Maxwell AF Base accepts first part of Global Combat Support System

MONTGOMERY, Ala.—Lockheed Martin Federal Systems of Owego, N.Y., as part of its
$900 million Global Combat Support System Air Force contract, earlier this month delivered
the first software for the service’s modernized supply system.

The alpha software for the Integrated Logistics System-Supply (ILS-S) was delivered
here to Maxwell Air Force Base, where it will undergo testing by the 42nd Air Base Wing
Supply Squadron to validate system and user capabilities.

Under the 15-year GCSS-AF contract awarded in 1996, Lockheed is providing integration,
systems engineering and software development services to the Air Force to modernize its
legacy Standard Base Supply System.

ILS-S is designed to streamline the Air Force’s logistics with information systems
that will give total asset visibility in real-time. Lockheed Martin is using commercial
software called Government Online Data (GOLD), an application developed by Western Pacific
Data Systems of Calabasas, Calif., to track and manage the service’s materials.

The GCSS-AF software gives Air Force decision-makers concise, accurate and economical
data on such subjects as maintenance, supply and transportation. The software runs on open
systems hardware available from Air Force and Defense Department contracts.

GOLD is also used by Andersen Consulting of Chicago for the Air Force’s Integrated
Maintenance Data System (IMDS) to automate weapons systems maintenance. The GCSS-AF and
IMDS programs were combined as part of last year’s reorganization of the Electronic
Systems Command.

“There is a great benefit to having both ILS-S and IMDS use GOLD, not only to us
as developers but also to our end users, in that we are able to share data and processes,
making the entire development much more efficient and effective,” said Col. William
Colmer, ESC’s program director for logistics information systems at Gunter Annex.

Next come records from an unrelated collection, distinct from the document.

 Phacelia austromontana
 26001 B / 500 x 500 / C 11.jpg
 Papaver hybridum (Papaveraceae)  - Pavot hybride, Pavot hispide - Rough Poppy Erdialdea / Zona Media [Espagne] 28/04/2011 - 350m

Colmer estimated that the GOLD commercial software, with some minor changes, satisfies
70 percent to 80 percent of the Air Force’s requirements.

“GOLD forms the core functional baseline for the supply system, but there are more
than 25 other commercial, off-the-shelf products that are being integrated by Lockheed
Martin,” Colmer said.

The products include a relational database from Oracle Corp. and systems administration
software from Tivoli Systems Inc. of Austin, Texas, he said.

Lockheed Martin will deliver GCSS-AF software to the Air Force in several increments to
modernize selected standard base-level automated information systems within the Common
Operating Environment. ILS-S, the functional modernization of the current supply system,
is the first increment of GCSS-AF.

The alpha software for ILS-S will be delivered to the Air Force in three increments.
The first was delivered Sept. 8, and the second and third will be delivered in three-month

The beta software for ILS-S is slated for release early next year to both Maxwell Air
Force Base and the Air National Guard unit at Danley Field in Montgomery.

Defense officials said they expect ILS-S to be up and running in early 2000. The system
will be operating at more than 200 active duty, Guard and Reserve Air Force sites
worldwide by 2002. The deployment schedule for IMDS dovetails with the ILS-S schedule.

GCSS-AF ultimately will link to the Global Transportation Network, a Web-based
logistics system developed by the U.S. Transportation Command that tracks and moves
troops, equipment and supplies around the world.

GTN integrates command and control, transportation and logistics data so that DOD
commanders can track the identity, status and location of intransit cargo and passengers.

“GTN right now is a part of the Global Command and Control System,” Colmer
said. “Our goal as we mature ILS-S is to provide the next step of asset visibility by
linking directly with GTN to provide an extension of the total asset visibility down to
the base, unit and squadron level.”

Lockheed Martin Mission Systems of Gaithersburg, Md., is prime contractor for GTN. The
company won the $130 million development contract for GTN in 1995.